Article 9: Special Category Data

Biometric data is special category data under GDPR. This includes facial geometry captured by webcam, voice sentiment analysis, keystroke dynamics, eye movement patterns, and any physiological measurement taken during an assessment. Processing special category data requires either explicit consent or one of a small number of specific legal bases. In employment contexts, GDPR guidance has consistently held that candidates cannot meaningfully consent because the power imbalance of the hiring relationship makes consent coerced rather than freely given. This means tools collecting biometric data in hiring lack a defensible legal basis for processing under GDPR, regardless of the consent checkbox candidates are shown.

Article 22: Automated Decision-Making

Hiring decisions based solely on automated processing that significantly affect individuals are prohibited without explicit legal basis and the right to meaningful human review. Any AI system that generates hiring decisions without mandatory human oversight of each individual case is in direct conflict with this provision.

Data Minimisation

Personal data must be limited to what is strictly necessary for the purpose. This generally supports behavioural choice data from work simulations while excluding biometric or surveillance data that goes beyond what is needed to evaluate the candidate.

What a Compliant Hiring Architecture Looks Like

Compliance with the EU AI Act in hiring is not just about avoiding prohibited features. It requires building the entire assessment architecture around compliance from the start.

The Business Case for Getting This Right Now

Compliance is not just a legal obligation in 2026. It is a commercial accelerator.

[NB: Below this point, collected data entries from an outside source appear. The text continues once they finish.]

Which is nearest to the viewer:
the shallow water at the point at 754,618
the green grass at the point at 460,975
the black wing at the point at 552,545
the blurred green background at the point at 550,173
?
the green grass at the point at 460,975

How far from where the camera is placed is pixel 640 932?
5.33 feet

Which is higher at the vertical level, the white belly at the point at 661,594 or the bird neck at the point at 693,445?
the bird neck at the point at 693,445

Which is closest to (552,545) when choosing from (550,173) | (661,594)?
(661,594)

Enterprise procurement processes now routinely include EU AI Act compliance screening as part of vendor due diligence. A tool that cannot produce conformity documentation will not pass procurement at a mid-market or enterprise European organisation. The question has shifted from "do you have GDPR in your terms?" to "can you provide your technical documentation under Annex IV of the EU AI Act?"

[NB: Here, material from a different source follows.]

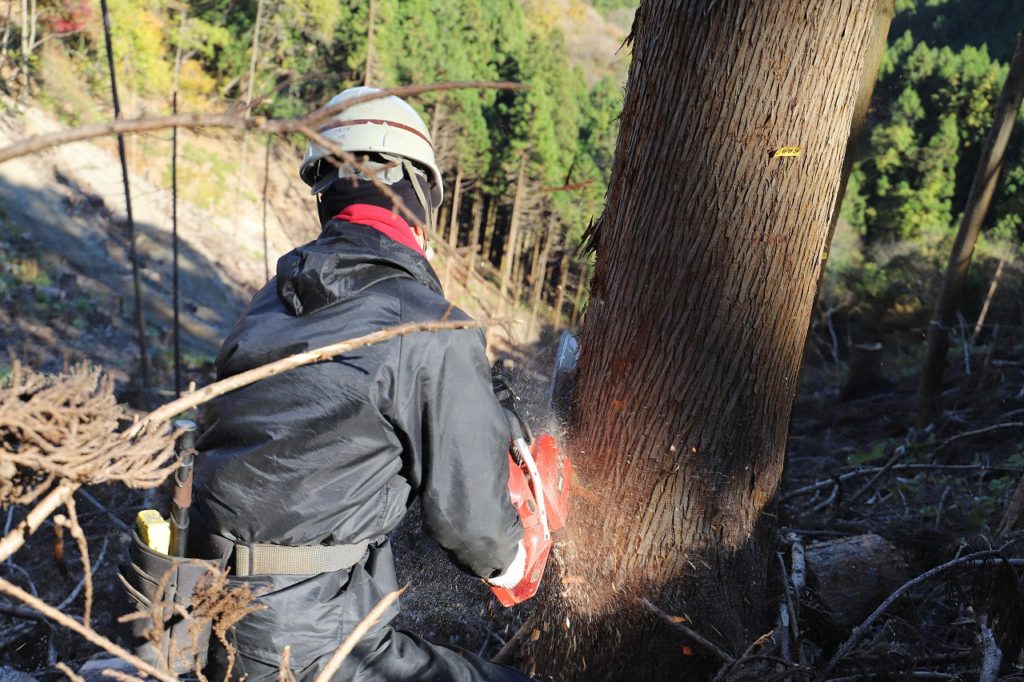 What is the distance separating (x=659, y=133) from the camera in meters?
2.34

For organisations evaluating assessment tools, compliance posture is increasingly the deciding factor in vendor selection. Because the alternative is inheriting the vendor's regulatory liability as the deploying organisation.

The cost of retrofitting compliance onto a biometric-data-dependent architecture is almost always higher than building it in from the start. The organisations that get ahead of this now will move faster through enterprise procurement cycles, carry less legal exposure, and generate more accurate hiring data because their tools are built on principles that produce better behavioural signal anyway.

The Bottom Line

The EU AI Act is the present operating environment for any organisation using AI in hiring across the European Union. Not a future regulatory horizon. Not a proposal under review. The law that applies to your hiring tools today.

The tools that were built on webcam surveillance and black-box biometric scoring are under regulatory pressure that is not going to reverse. The tools that are growing are the ones that evaluate candidates on what they actually do, on choices made in realistic operational scenarios, without any biometric or surveillance data collection.

The shift is not just about compliance. The data consistently shows that work sample assessment outperforms credential screening and interview performance on the metric that matters most: whether the person you hire is still there and performing well at month twelve. See why new hires fail in the first 90 days and the real cost of a bad hire for how early attrition compounds that risk.

Compliance and better hiring performance point in exactly the same direction. That does not happen often. Take advantage of it.